Let me answer by parts:
When a company gives dividends, the share price drops by the dividend amount.
Not always by that exact amount for many different reasons (e.g. there are transaction costs if you reinvest, dividend taxes, etc). I have tested that empirically.
Now, if all the shareholders choose to reinvest their dividends, will the share price go back up to what it was prior to the dividend?
That is an interesting question. The final theoretical price of the company does not need to be that. When a company distributes dividends its liquidity diminish, there is an impact on the balance sheet of the company. If all investors go to the secondary market and reinvest the dividends in the shares, that does not restore the cash in the balance sheet of the company, hence the theoretical real value of the company is different before the dividends.
Of course, in practice there is not such a thing as one theoretical value. In reality, if everybody reinvest the dividend, that will put upward pressure over the price of the company and, depending on the depth of the offers, meaning how many orders will counterbalance the upward pressure at the moment, the final price will be determined, which can be higher or lower than before, not necessarily equal.
I ask because some ETFs like SPY automatically reinvest dividends. So what is the effect of this reinvestment on the stock price?

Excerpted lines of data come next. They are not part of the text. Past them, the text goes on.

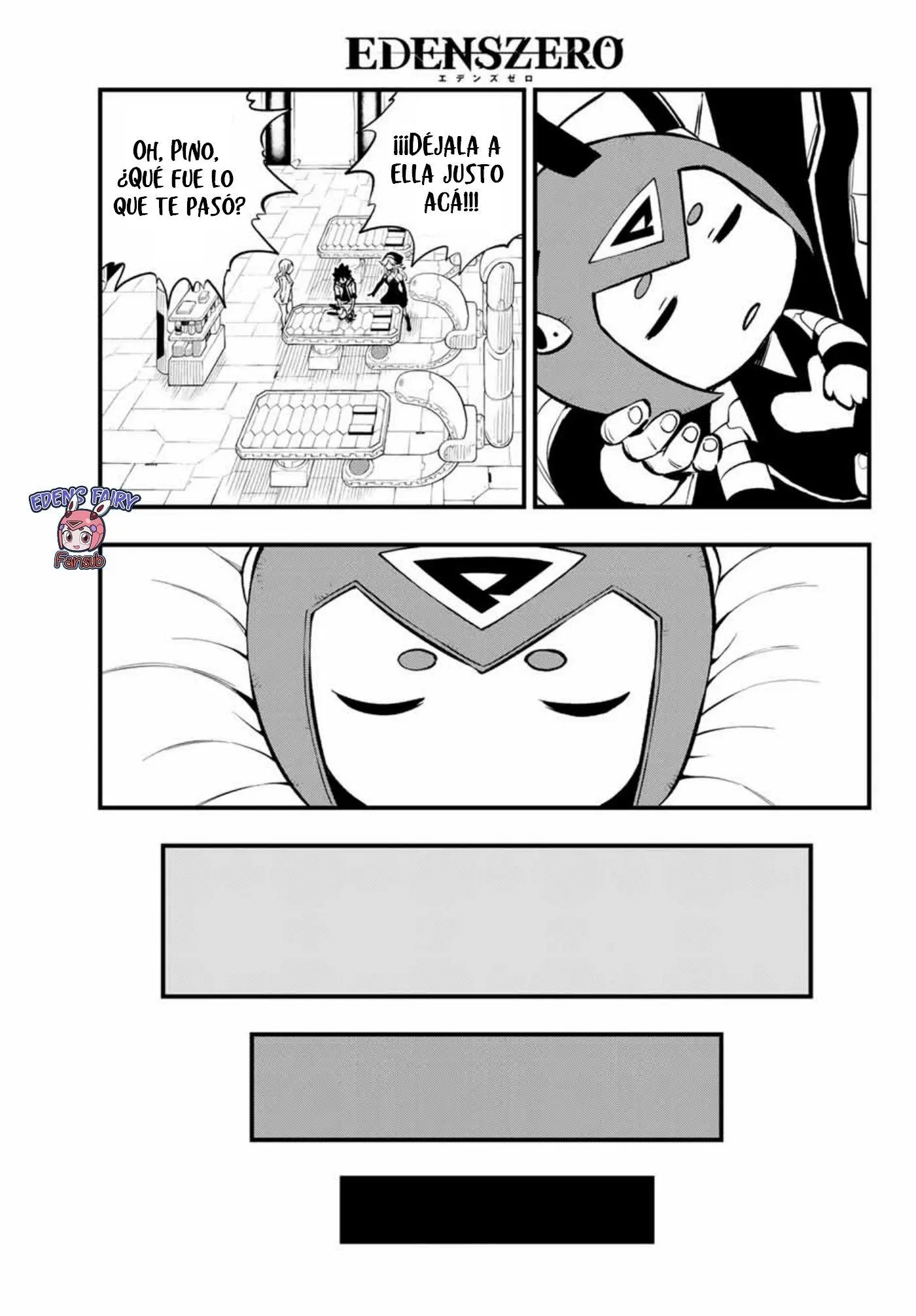 Read Eden's Zero ES Manga Online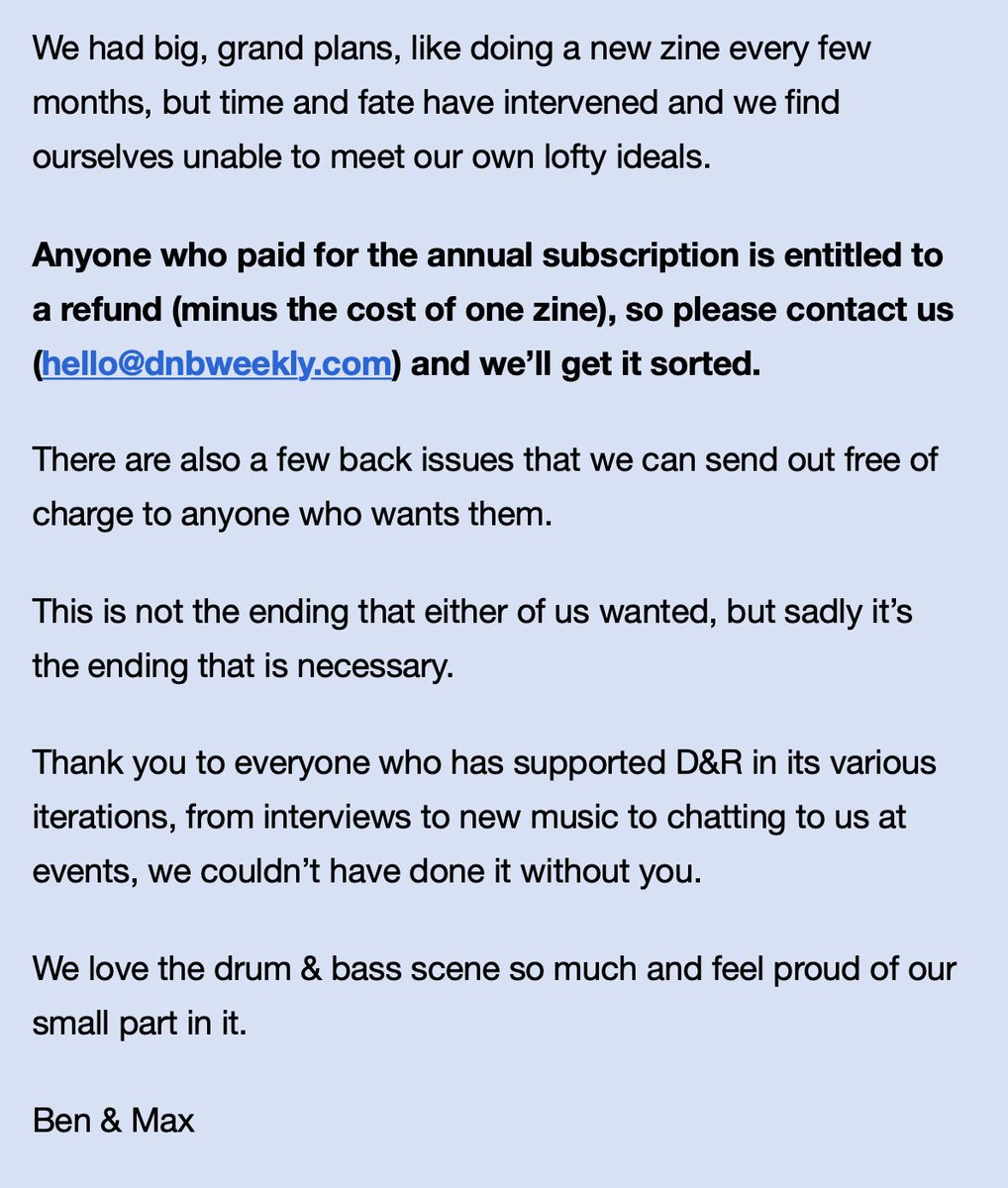 Downloads & Reloads tweet media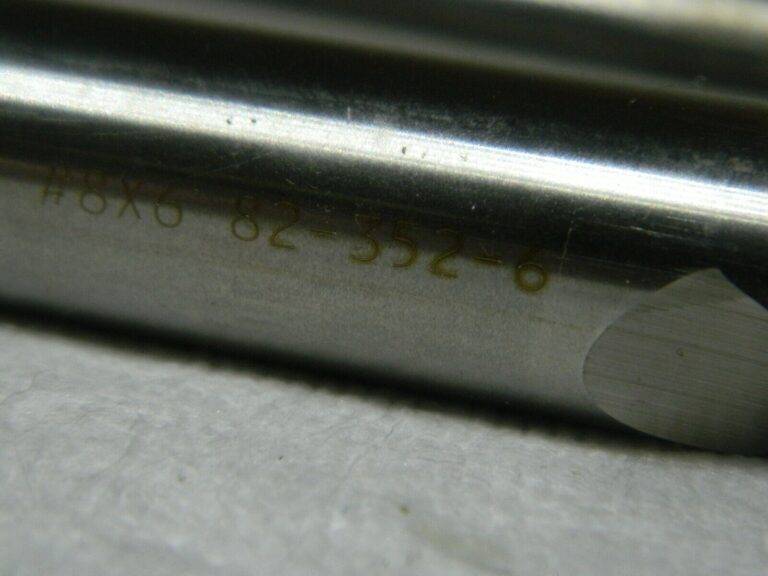 SPI Combined Drill & Countersink #8 x 6" OAL HSS Long Series Qty 2 82-352-6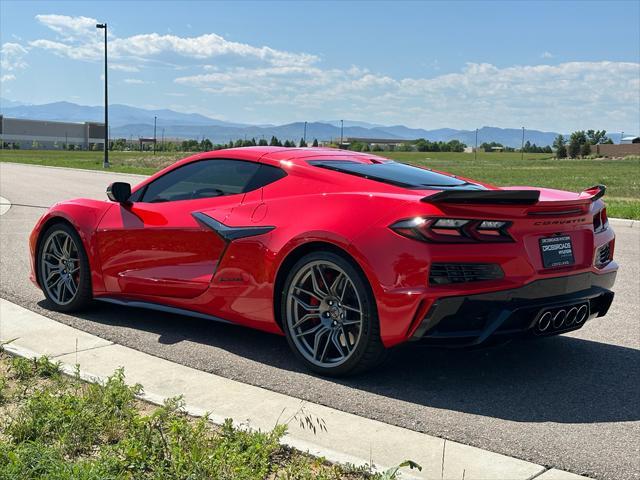used 2023 Chevrolet Corvette car, priced at $124,496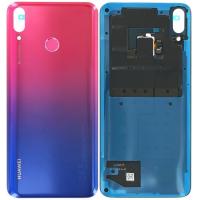 Huawei Y9 2019 back cover aurora purple original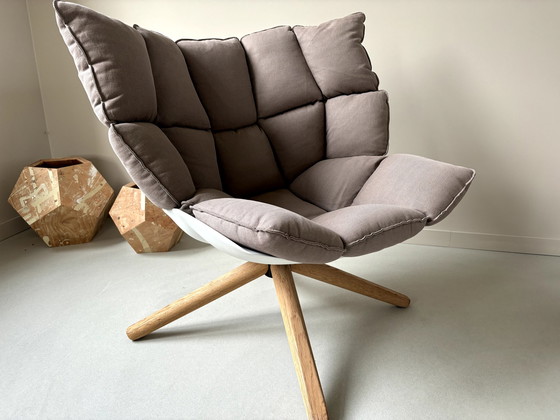 Image 1 of 2x B&B Italia Husk stoelen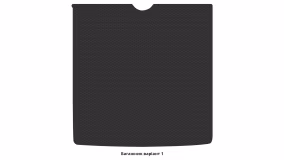 Interior mats for the Renault Grand Espace JK 2002-2015 IV generation EU Minivan - Фото 5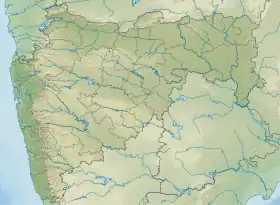 Río Kanhan ubicada en Maharashtra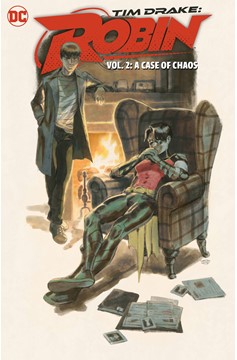Tim Drake Robin Graphic Novel Volume 2 A Case of Chaos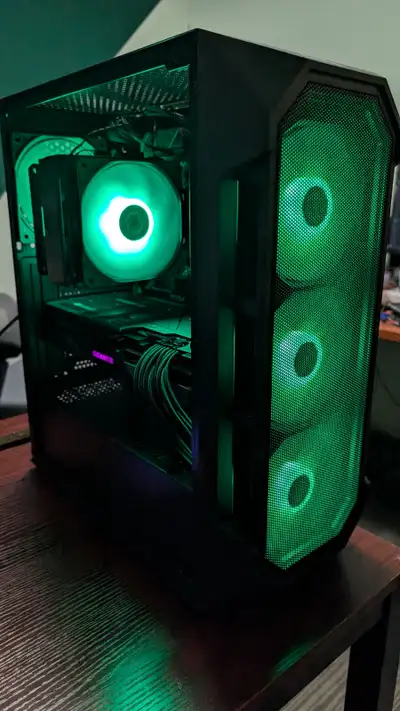 Ryzen 5 7600x / 32GB Ram / 7800xt Gaming Desktop, View more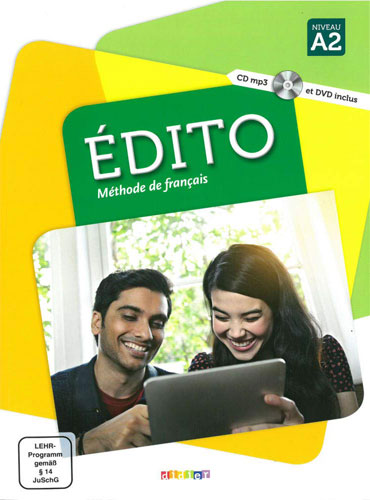 Edito A2 + Cahier d'activités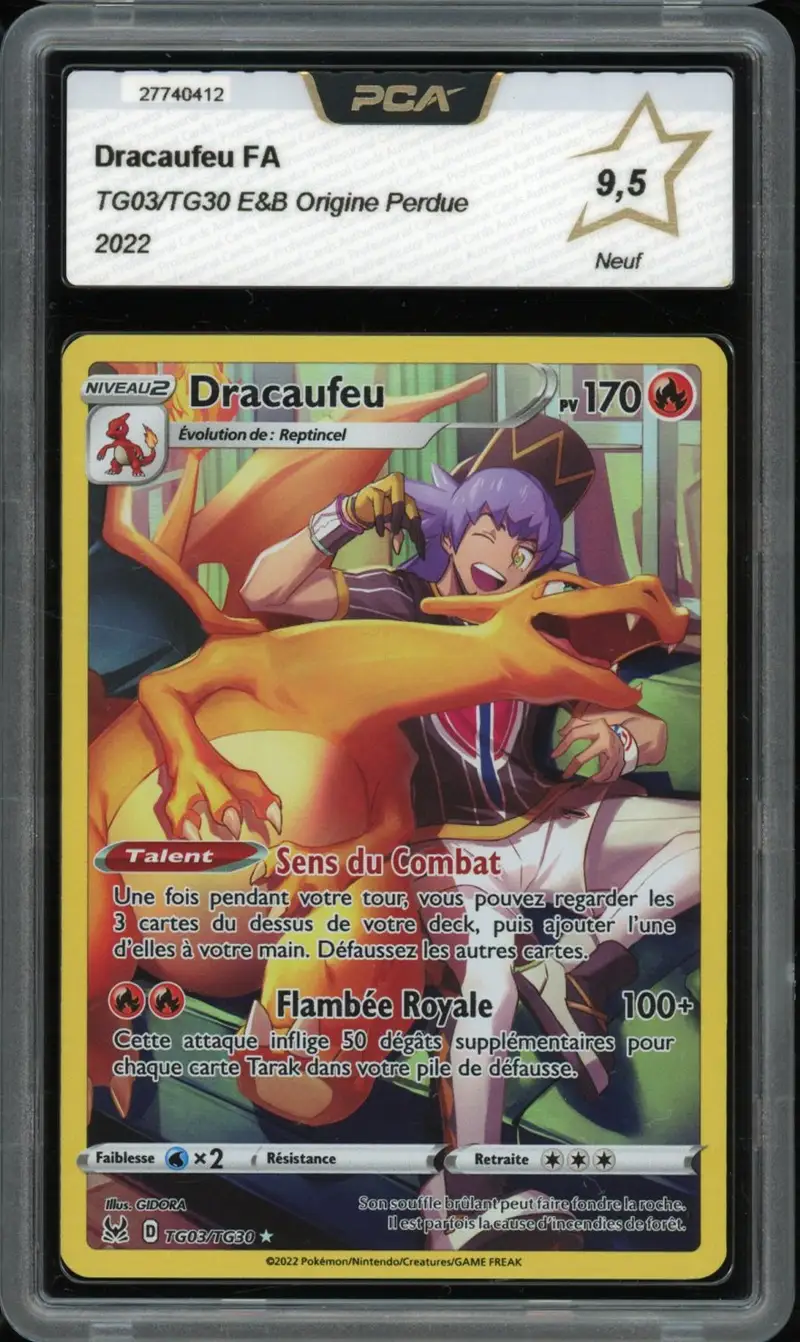 PCA 9.5 Dracaufeu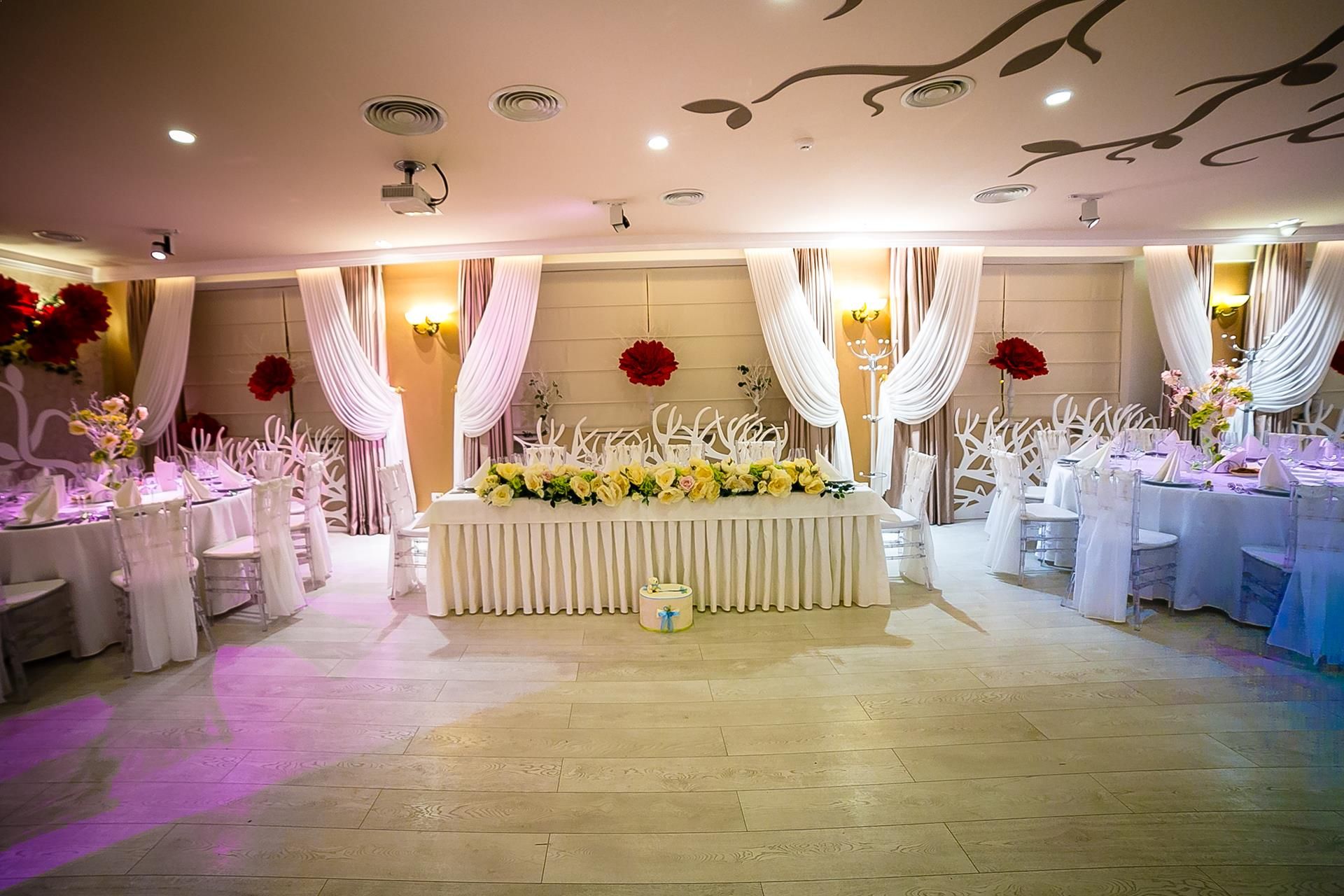 قاعة الولائم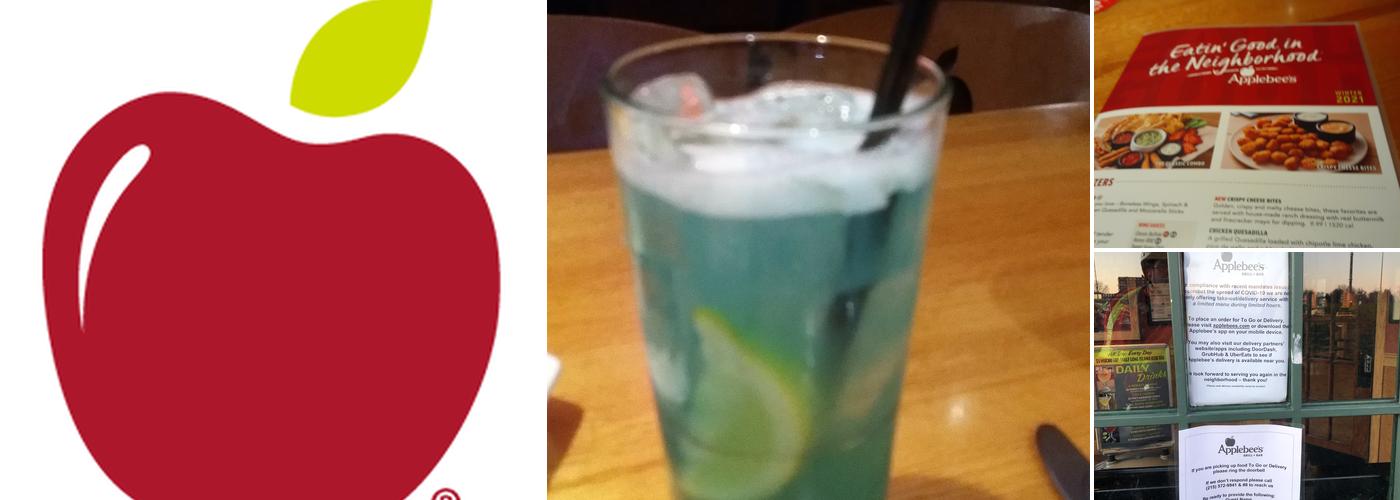 Applebee's Grill + Bar Menu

Let us see the mechanics of these purchases. When a non distributing ETF receives cash from the dividends of the companies, it takes that cash and reinvest it in the whole basket of stocks that compose the index, not just in the companies that provided the dividends. The net effect of that is a small leverage effect. Let us say you bought one unit of SPY, and during the whole year the shares pay 2% of dividends that are reinvested. At the end of that year, it will be equivalent to having 1.02 units of SPY.